* _Input for this task_:
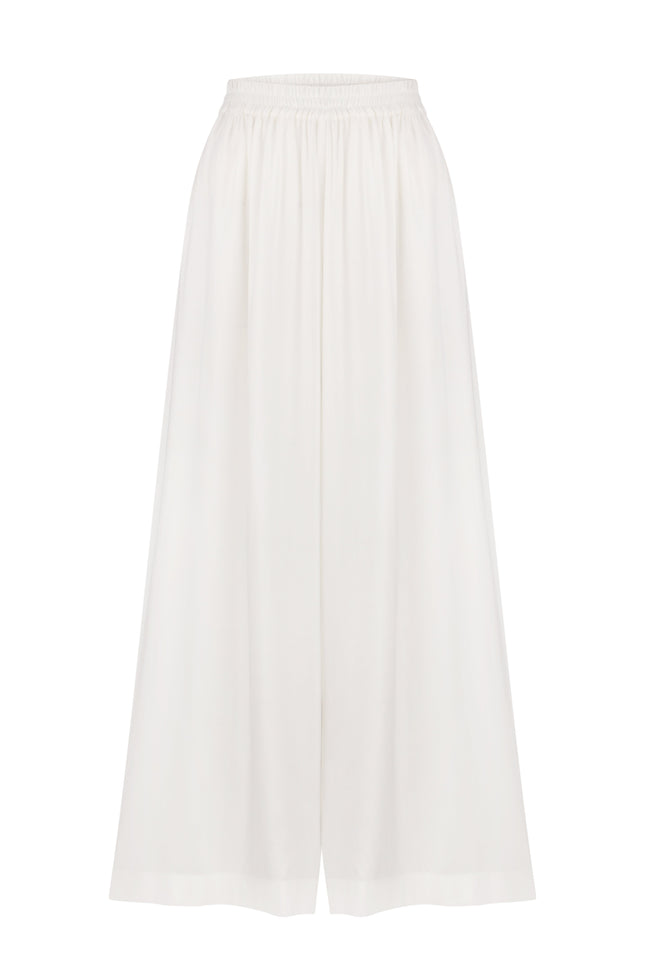 A pair of white wide-leg trousers made of cotton, with an elastic band at the waist for comfort.
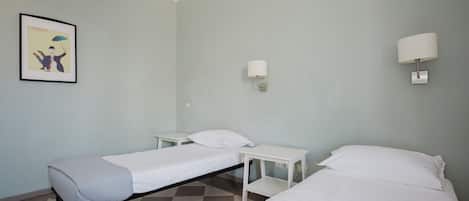 A room with two single beds, a small table, a wall-mounted lamp, and a framed picture on the wall.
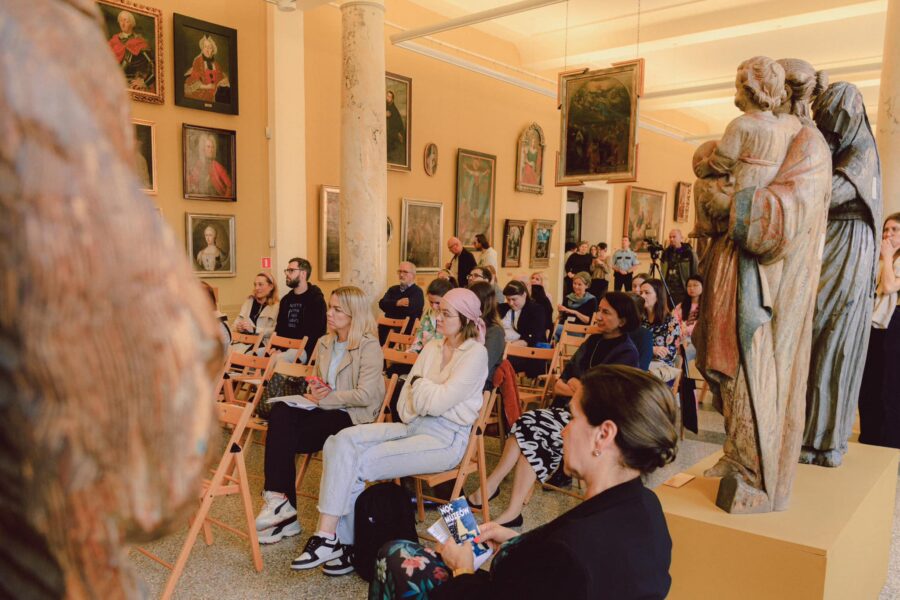 dziennikarze i przedstawiciele placówek muzealnych siedzą na krzesłach i słuchają konferencji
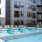 pool with reclining seats and modern stonework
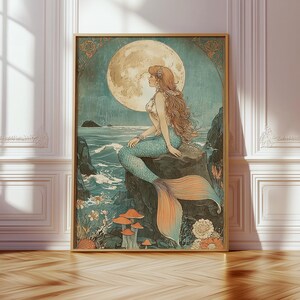 May include: A framed art print featuring a mermaid sitting on a rock, gazing at a full moon. The mermaid has long auburn hair and a turquoise tail. The artwork has a vintage style with muted colors and floral accents.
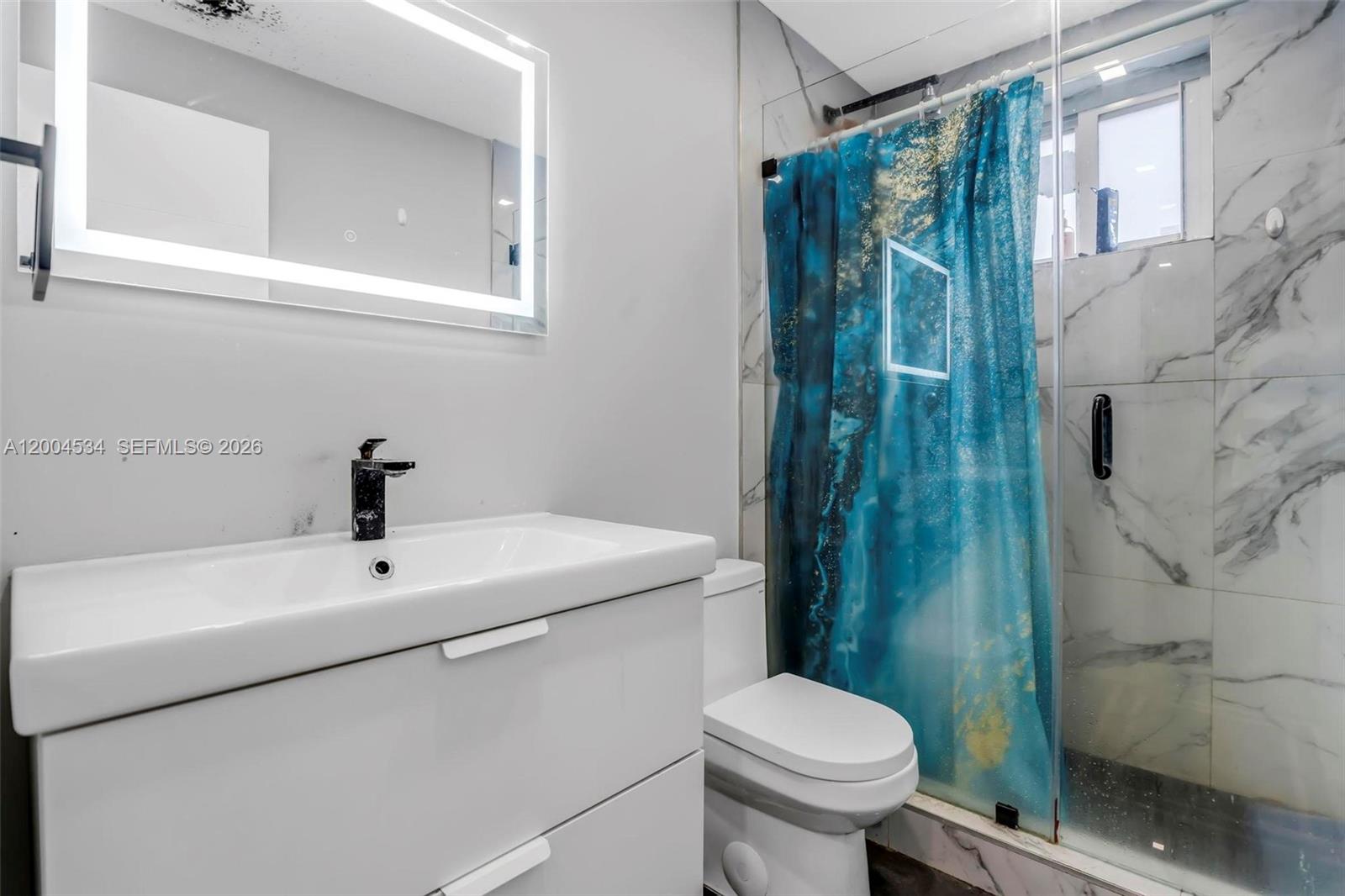 1741 Northwest 44th Street Miami, FL 33142 - Photo 19 of 45 a bathroom with a sink toilet and shower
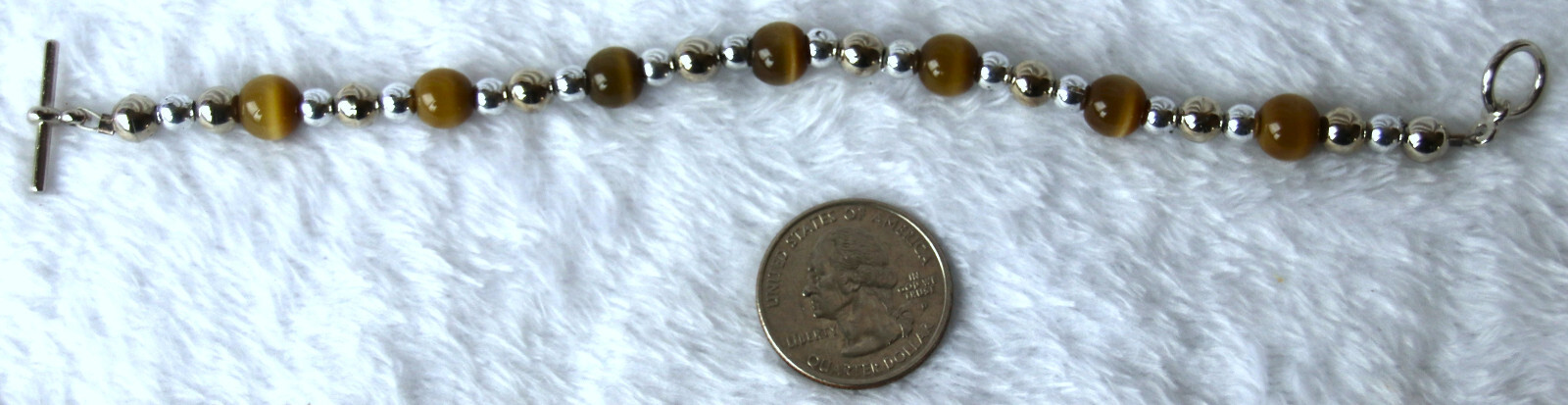 Bracelet of Brown Cat’s Eye Glass with silver colored beads, toggle closure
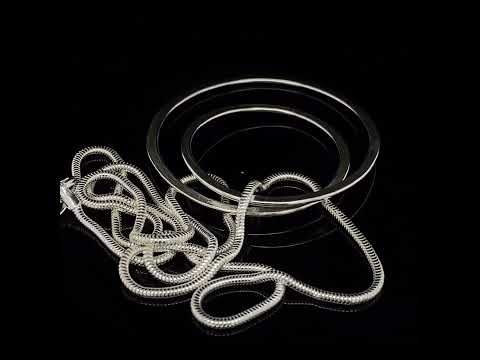 Video of Latham & Neve's Contemporary Sterling Silver Gyra Pendant. Available on DESIGNYARD.com and in our Jewellery Shop Dublin, Ireland. Worldwide Shipping with DHL.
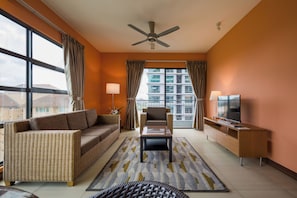A living room with a sofa, armchair, coffee table, TV stand, and a ceiling fan. - Acappella Suite Hotel (Shah Alam)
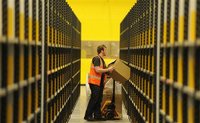 A worker lifts a box at Amazon's new fulfilment centre after it was opened by Scotland's First Minister Alex Salmond in Dunfermline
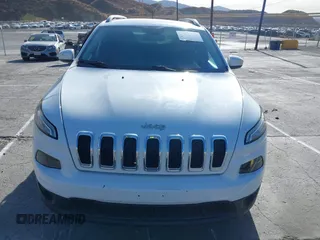 2016 Jeep Cherokee Latitude with VIN 1C4PJLCB9GW149217, listed as a IAAI auction lot 41365164 with 144,702 mi miles. Bid and sale history available at carsss.com. Image 12.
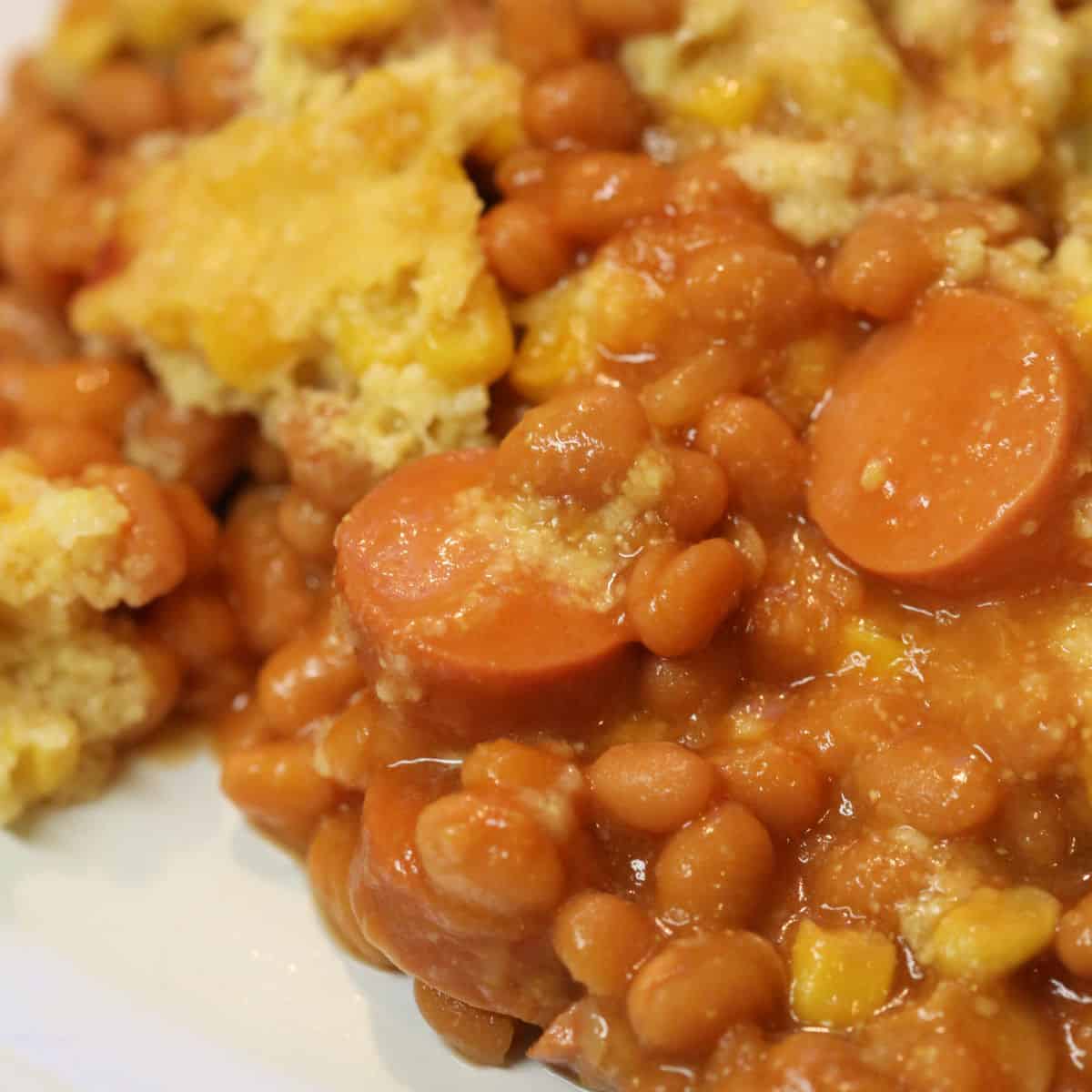 corn dog casserole with baked beans on a white plate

* _Task item_: Please return exactly the lines above, from where the listing starts to the line holding "dziennikarze i przedstawiciele", inclusive, with the pictures omitted.

* _Result_:
 A pair of white wide-leg trousers made of cotton, with an elastic band at the waist for comfort.
 A room with two single beds, a small table, a wall-mounted lamp, and a framed picture on the wall.
 dziennikarze i przedstawiciele placówek muzealnych siedzą na krzesłach i słuchają konferencji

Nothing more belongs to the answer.